● **What the exercise asks**:
Repeat exactly, and only, the lines below starting at the line that contains "SIEMENS 3RH1921-1HA22 Auxiliary" and ending at the line that contains "TEXOLOTL [ MÉXICO EN LA MESA] 18-AGOSTO-2025", inclusive of both.

[Short web captions]
* * * * * * * * *
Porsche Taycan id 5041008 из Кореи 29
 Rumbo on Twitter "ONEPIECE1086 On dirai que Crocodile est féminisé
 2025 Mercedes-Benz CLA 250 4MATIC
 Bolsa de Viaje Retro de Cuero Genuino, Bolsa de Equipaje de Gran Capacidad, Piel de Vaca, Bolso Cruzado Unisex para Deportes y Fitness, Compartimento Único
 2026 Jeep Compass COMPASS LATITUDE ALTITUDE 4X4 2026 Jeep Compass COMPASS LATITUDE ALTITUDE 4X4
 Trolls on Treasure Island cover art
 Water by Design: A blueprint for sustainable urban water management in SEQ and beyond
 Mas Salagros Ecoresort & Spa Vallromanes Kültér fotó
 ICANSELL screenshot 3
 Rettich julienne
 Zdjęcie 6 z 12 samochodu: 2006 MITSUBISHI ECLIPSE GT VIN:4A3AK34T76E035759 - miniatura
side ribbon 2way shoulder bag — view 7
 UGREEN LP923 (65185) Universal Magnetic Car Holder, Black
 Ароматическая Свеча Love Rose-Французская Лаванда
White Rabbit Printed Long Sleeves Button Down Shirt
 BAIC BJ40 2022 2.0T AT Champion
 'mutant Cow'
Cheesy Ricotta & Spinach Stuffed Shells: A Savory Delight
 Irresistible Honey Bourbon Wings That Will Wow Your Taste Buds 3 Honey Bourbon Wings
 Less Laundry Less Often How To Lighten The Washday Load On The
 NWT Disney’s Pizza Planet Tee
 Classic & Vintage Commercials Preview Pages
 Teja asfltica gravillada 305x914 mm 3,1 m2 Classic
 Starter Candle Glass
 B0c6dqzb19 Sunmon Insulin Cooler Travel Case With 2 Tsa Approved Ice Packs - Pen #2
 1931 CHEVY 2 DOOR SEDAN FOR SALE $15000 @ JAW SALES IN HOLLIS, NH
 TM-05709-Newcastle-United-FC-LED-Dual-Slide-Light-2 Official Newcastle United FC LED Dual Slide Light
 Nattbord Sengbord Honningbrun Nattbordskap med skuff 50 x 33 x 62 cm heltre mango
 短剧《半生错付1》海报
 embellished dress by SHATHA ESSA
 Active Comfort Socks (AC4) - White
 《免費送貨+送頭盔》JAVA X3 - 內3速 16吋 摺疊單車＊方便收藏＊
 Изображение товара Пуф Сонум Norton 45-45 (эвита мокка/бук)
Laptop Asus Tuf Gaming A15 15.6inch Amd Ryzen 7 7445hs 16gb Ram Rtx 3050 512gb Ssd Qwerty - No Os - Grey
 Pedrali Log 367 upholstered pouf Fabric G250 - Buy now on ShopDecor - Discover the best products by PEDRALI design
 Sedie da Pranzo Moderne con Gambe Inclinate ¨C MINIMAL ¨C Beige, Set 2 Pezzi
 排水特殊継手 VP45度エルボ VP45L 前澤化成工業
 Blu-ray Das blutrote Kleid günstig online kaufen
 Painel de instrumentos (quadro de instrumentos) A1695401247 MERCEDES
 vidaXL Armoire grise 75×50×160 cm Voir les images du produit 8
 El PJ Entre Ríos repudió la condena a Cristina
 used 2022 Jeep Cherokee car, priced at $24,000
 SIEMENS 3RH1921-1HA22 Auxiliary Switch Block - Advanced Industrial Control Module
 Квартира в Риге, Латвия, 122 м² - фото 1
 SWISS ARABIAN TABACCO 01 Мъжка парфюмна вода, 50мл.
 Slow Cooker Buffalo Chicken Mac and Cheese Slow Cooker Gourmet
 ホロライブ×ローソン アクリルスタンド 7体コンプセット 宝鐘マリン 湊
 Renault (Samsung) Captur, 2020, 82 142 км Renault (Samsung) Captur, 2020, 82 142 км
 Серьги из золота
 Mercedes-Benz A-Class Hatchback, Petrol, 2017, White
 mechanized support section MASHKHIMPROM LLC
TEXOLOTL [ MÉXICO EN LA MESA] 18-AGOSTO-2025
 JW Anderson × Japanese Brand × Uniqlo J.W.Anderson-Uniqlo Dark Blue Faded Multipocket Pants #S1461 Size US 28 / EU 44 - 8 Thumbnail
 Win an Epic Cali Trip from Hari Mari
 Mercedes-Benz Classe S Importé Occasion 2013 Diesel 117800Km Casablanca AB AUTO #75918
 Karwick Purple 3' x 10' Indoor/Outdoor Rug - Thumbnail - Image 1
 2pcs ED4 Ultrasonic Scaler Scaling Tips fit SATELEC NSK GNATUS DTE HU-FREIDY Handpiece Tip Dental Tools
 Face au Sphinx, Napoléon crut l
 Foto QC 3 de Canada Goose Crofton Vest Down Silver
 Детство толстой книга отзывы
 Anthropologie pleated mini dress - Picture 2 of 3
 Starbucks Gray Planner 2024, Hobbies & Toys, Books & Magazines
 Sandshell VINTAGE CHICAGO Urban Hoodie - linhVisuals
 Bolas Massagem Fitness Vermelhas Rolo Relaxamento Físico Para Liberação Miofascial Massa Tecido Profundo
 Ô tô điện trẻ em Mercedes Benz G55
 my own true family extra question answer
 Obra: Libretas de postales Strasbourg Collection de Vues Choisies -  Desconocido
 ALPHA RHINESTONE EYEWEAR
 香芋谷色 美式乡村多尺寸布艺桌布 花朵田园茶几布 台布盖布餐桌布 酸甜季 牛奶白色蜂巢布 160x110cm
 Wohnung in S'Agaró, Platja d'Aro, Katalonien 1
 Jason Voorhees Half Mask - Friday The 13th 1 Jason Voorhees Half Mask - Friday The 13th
* * * * * * * * *
● **Answer section**:
 SIEMENS 3RH1921-1HA22 Auxiliary Switch Block - Advanced Industrial Control Module
 Квартира в Риге, Латвия, 122 м² - фото 1
 SWISS ARABIAN TABACCO 01 Мъжка парфюмна вода, 50мл.
 Slow Cooker Buffalo Chicken Mac and Cheese Slow Cooker Gourmet
 ホロライブ×ローソン アクリルスタンド 7体コンプセット 宝鐘マリン 湊
 Renault (Samsung) Captur, 2020, 82 142 км Renault (Samsung) Captur, 2020, 82 142 км
 Серьги из золота
 Mercedes-Benz A-Class Hatchback, Petrol, 2017, White
 mechanized support section MASHKHIMPROM LLC
TEXOLOTL [ MÉXICO EN LA MESA] 18-AGOSTO-2025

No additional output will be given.